Trabaja por la utopía, genera utopías, siembra utopías, aunque
acabe, con frecuencia, destrozado por la realidad.
Sin
utopías seríamos simples animales. Estamos condenados al hambre
de la perfección. Si un político no vive en la utopía, es un
mero comerciante. Si un cristiano no siente la herida de la
utopía es un simple pagano. Si un joven no es utópico es ya un
viejo. Si un viejo no es utópico es que ya está muerto.
La utopía:
he ahí una de las grandes raíces de la profunda insatisfacción
humana.
Con la
perspectiva de un Dios Padre, oteando desde la última colina,
esa tensión es soportable en la esperanza. Sin un Dios bueno,
allá al final, esto no hay quien lo aguante.
Estar
siempre en camino, estar haciéndose siempre.
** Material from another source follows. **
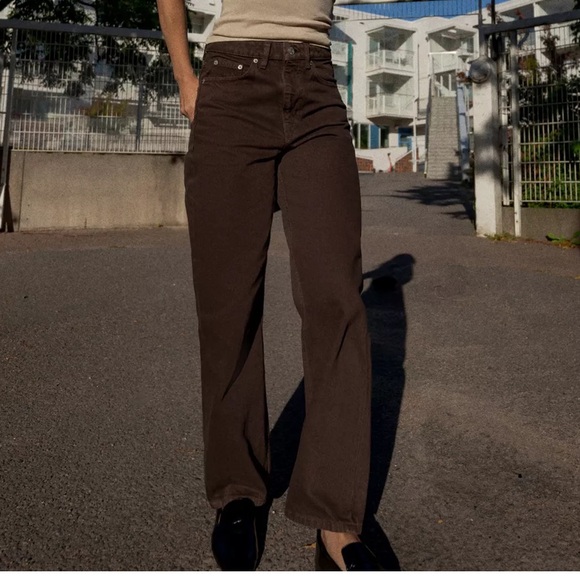 Zara Denim - Mom Fit High Waist Brown Jeans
Ese
sueño de verse terminado, esa angustia de inestabilidad, esa
locura por lo absoluto es fuente de amargura, de miedo, del
ridículo humano.
Al buscar
desesperadamente dogmas, buscamos lo absoluto, anhelamos metas,
fingimos seguridades imposibles. A las que nos aferramos hoy, y
que nos convierten, al día siguiente, en payasos. Todo por
querer transformar la vulgar realidad en la utopía atrapada.
Esto
quiere decir que el conocimiento filosófico, ni el teológico,
ni siquiera el científico, han llegado, en nada, a ninguna
estación final. El hombre no lo sabe todo de algo. No ha
conquistado nada del todo. La raza humana no está en situación
de haber vencido, por completo, en ninguna de sus batallas. Los
dueños, ya sean religiosos, políticos, científicos o filósofos,
al absolutizar y dogmatizar sus conquistas, corren el riesgo de
que el tiempo se mofe de ellos.
Pero no
aprendemos. Vamos de triunfo en triunfo, de dogma en dogma hasta
la derrota final. Y es que nuestra situación, transida de
espacio y tiempo, es una mezcla explosiva de realidad y utopía,
sueño de futuro impreciso en un presente inacabado.
He ahí un
argumento definitivo para la humildad. El antídoto a cualquier
despotismo, papanatismo o vendedor ambulante de pócimas mágicas.
Caminar
con nuestra ignorancia y nuestra pobreza a cuestas nos hace más
humanos, más hermanos, más dialogantes, más abiertos al único
Absoluto.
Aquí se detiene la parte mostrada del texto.